● Exercise description:
Please give the listing again in full, leaving out its images.

-- Material provided follows --

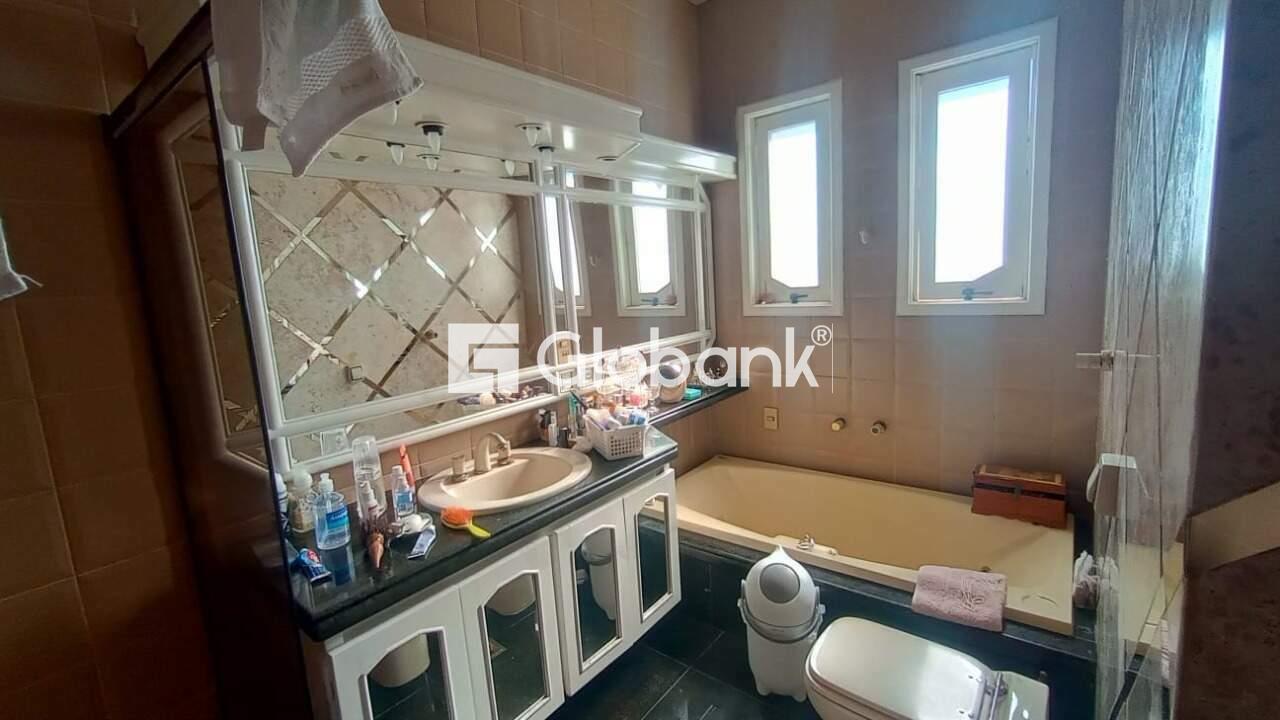 Casa 4 quartos à venda Jardim Panorama 292m² Montes Claros MG: 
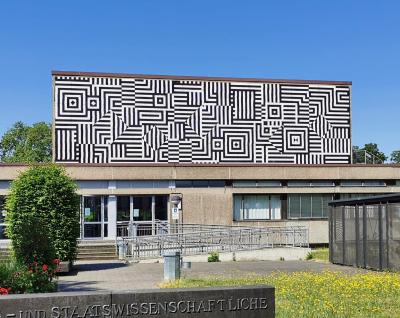 Markante Fassadengestaltung des Hörsaals E von Victor Vasarely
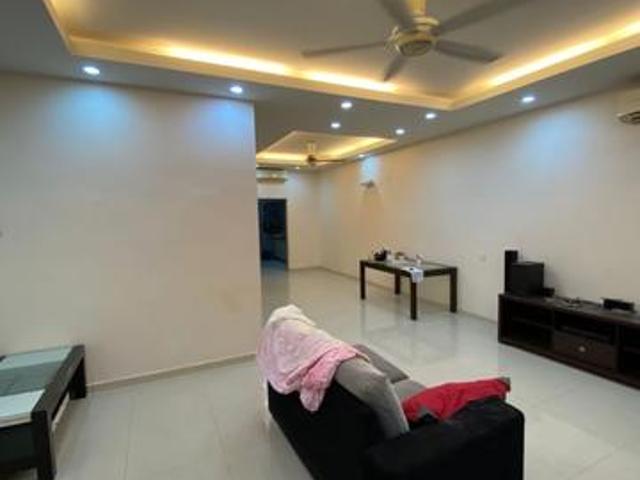 Raja uda 2storey Terrace Long Car Park 4Car
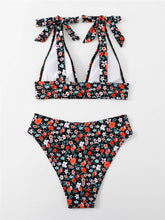 Görseli Galeri görüntüleyiciye yükleyin, Sexy printed strap buttoned floral bikini set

-- Material provided concluded --

● Solved exercise:
 Casa 4 quartos à venda Jardim Panorama 292m² Montes Claros MG: 
 Markante Fassadengestaltung des Hörsaals E von Victor Vasarely
 Raja uda 2storey Terrace Long Car Park 4Car
 Görseli Galeri görüntüleyiciye yükleyin, Sexy printed strap buttoned floral bikini set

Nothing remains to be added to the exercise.